Exercise input:
┌────────
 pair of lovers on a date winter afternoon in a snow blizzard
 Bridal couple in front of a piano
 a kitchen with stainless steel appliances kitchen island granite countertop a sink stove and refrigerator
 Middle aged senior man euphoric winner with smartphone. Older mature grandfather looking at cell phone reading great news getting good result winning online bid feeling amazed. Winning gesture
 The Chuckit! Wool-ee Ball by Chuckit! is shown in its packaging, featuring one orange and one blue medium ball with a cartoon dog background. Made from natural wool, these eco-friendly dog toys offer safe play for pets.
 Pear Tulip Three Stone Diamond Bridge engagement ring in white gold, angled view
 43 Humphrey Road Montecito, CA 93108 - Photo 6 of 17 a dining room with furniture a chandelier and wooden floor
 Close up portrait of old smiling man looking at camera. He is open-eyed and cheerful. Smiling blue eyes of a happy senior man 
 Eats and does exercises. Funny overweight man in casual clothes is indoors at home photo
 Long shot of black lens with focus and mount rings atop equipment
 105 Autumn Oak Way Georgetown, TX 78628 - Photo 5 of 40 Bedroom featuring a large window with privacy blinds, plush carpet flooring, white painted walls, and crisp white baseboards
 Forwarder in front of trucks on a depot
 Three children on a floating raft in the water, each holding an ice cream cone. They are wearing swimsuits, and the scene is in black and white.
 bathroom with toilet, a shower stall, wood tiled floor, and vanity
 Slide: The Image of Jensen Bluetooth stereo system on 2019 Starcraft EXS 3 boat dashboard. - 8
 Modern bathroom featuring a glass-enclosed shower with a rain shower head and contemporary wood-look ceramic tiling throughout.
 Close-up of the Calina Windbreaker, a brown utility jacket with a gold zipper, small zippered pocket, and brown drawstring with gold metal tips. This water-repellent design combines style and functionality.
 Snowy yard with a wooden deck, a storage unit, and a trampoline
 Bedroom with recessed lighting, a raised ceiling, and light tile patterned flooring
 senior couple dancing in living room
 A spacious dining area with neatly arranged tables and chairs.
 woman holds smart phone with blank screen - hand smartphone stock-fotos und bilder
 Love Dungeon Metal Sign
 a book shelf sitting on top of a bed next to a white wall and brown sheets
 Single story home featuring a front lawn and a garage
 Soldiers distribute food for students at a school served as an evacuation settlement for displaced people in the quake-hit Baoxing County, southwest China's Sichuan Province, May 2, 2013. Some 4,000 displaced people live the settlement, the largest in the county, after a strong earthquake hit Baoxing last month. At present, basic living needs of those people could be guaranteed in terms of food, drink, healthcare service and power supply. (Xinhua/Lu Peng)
└────────
Task to complete: Both the line containing "Three children on" and the line containing "Slide: The Image" belong in the answer. Print them and every line above that falls between them exactly, and no others.

Expected answer:
 Three children on a floating raft in the water, each holding an ice cream cone. They are wearing swimsuits, and the scene is in black and white.
 bathroom with toilet, a shower stall, wood tiled floor, and vanity
 Slide: The Image of Jensen Bluetooth stereo system on 2019 Starcraft EXS 3 boat dashboard. - 8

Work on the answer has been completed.